U.S. Real Estate Metrics
During the U.S. pre-market hours, several positive reports on the U.S. real estate sector were released to the public. Real estate has consistently lagged throughout the summer months, but the numbers from August look pretty good:
Event Actual Projected Previous
New Home Sales(MoM, August) 0.629M 0.630M 0.608M
New Home Sales Change(MoM, August) 3.5% 0.5% -1.6%
Erasing the dismal performance of July, New Home Sales (August) came in positive. In addition, MBA Mortgage Applications (Sept 21) rose almost 1.5% from the previous release. It appears traders have taken an optimistic stance on the reports, with both the DJIA and S&P 500 posting gains for the first 90 minutes of trade.
DJIA Technical Outlook
In a Live Market Update from yesterday, we outlined a key support level and trading plan for December E-mini DOW futures.
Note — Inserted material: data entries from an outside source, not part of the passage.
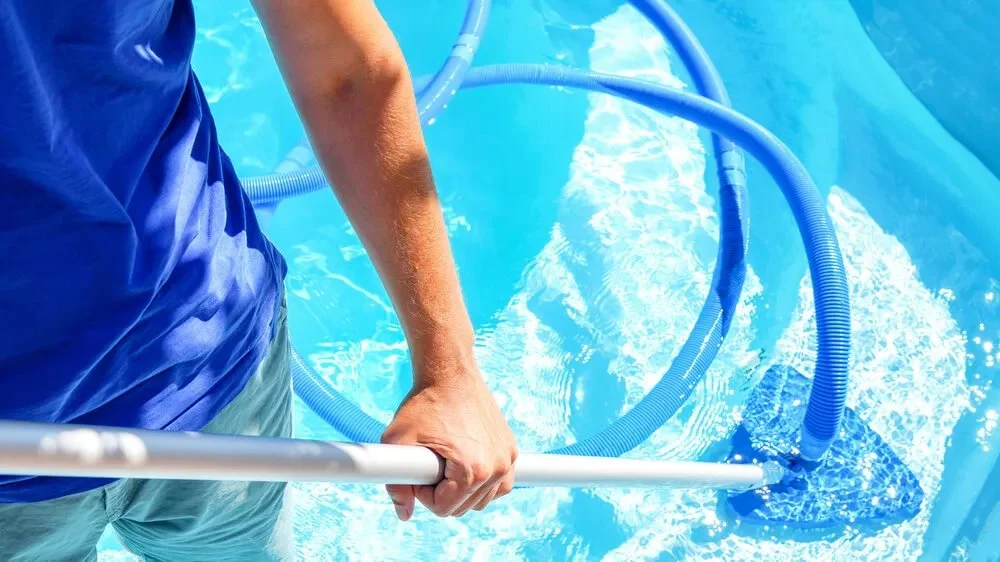 A person in a blue shirt cleaning a swimming pool with a pool vacuum cleaner.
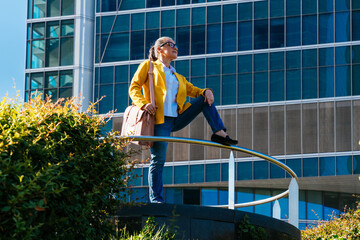 Beautiful senior businesswoman wearing business casual attire strolling in the city business district - Mature corporate female adult going to work at office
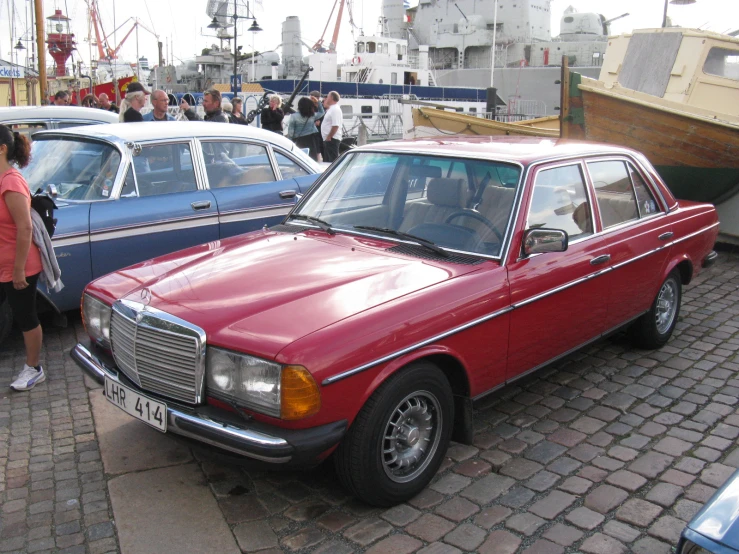 a group of older fashion cars sitting on the shore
The level proved valid, with price rallying more than 75 ticks after the rejecting the area of downside support.
For the remainder of the session, there are only two levels on my radar:
- Resistance(1): Swing High, 26739
- Support(1): 38% Current Wave Retracement, 26503
Overview: With the FED due to raise rates in a little over 3 hours, it is unlikely we will see any directional price action in the U.S. indices. A noncommittal approach will probably be the order of the day from market participants.
However, be on the lookout for a move after the release, and more specifically, Jerome Powell’s commentary. Anything can happen during this period — if you are holding open positions in the indices be sure to have your stops down and leverage in check!